I understand that balintawak was a big influence on the Professor but I thought that he and his brothers had studied a family or village style prior to studying it. There was definitely a strong karate influence--look at the anyos--and a strong small-circle jujitsu influence.

The Professor started out training for fighting, I believe, and switched toward drills for some of the same reasons Ryukyu-te arts were switched toward karate-do--make it more cooperative, make it safer to practice, be able to teach it in schools, make it for everybody, etc. He wanted arnis to be widely practiced, and it worked. In doing so he created an art that is both effective and popular but perhaps less geared toward fighting stick-to-stick in death matches. The techniques are still there but his emphasis was different.


----------



## Datu Tim Hartman (Jan 26, 2002)

I had talked to GM Ernesto about a year ago and he told me that he didn't do Balintawak. Being a student of Balintawak myself, I can't say that he moves like some one who does the art.

:asian:


----------



## thekuntawman (Jan 26, 2002)

there is many styles of balintawak. some are simple styles and some are complicated styles. but the id card you got in 1988 says "balintawak" on it, i had one, maybe if i can find it i will put a picture of it somewhere for you.

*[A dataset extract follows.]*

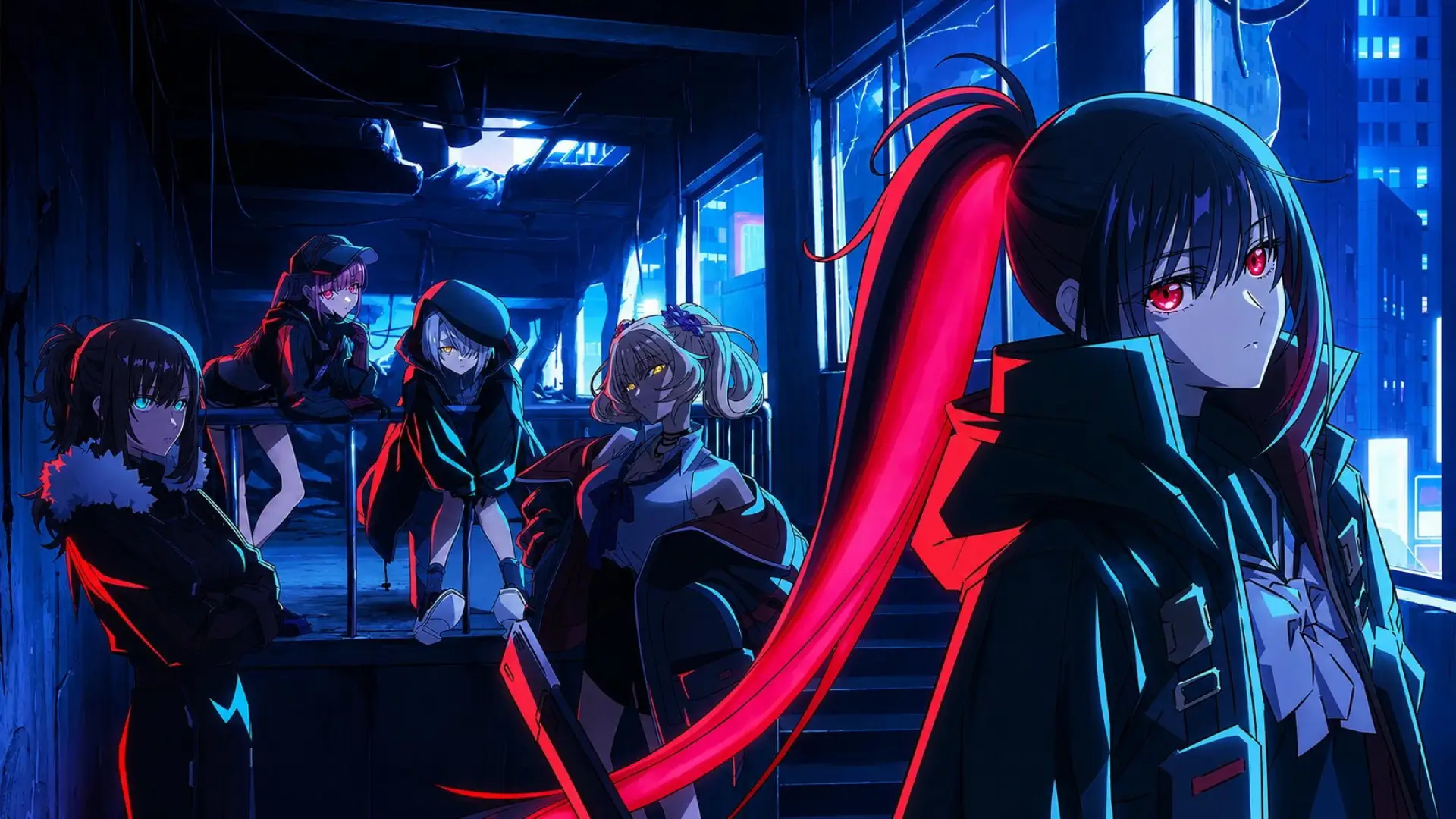 دانلود انیمه Magical Girl Lyrical Nanoha EXCEEDS Gun Blaze Vengeance 2026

one thing i know about arnis "masters" is, there stories changed through the years. one day he studied it, the next day, his father made it up, and then still another day, he created it himself. for many of the men who make his own style, the easiest thing is to say they learned it from there dad, which is something you heard a lot. i am not saying this because i am pointing to anyone, its just something i notice.

in my area, i see a lot of people who learned from angel cabales(mgbp) or one of his students, then they come up with something that is really serrada, but they "learn" it somehwere else. one of those things is "filipino serrada" the story is he learned serrada from a group in the philippines. but they still have lock and block, and picking and things that belong to mr cabales. 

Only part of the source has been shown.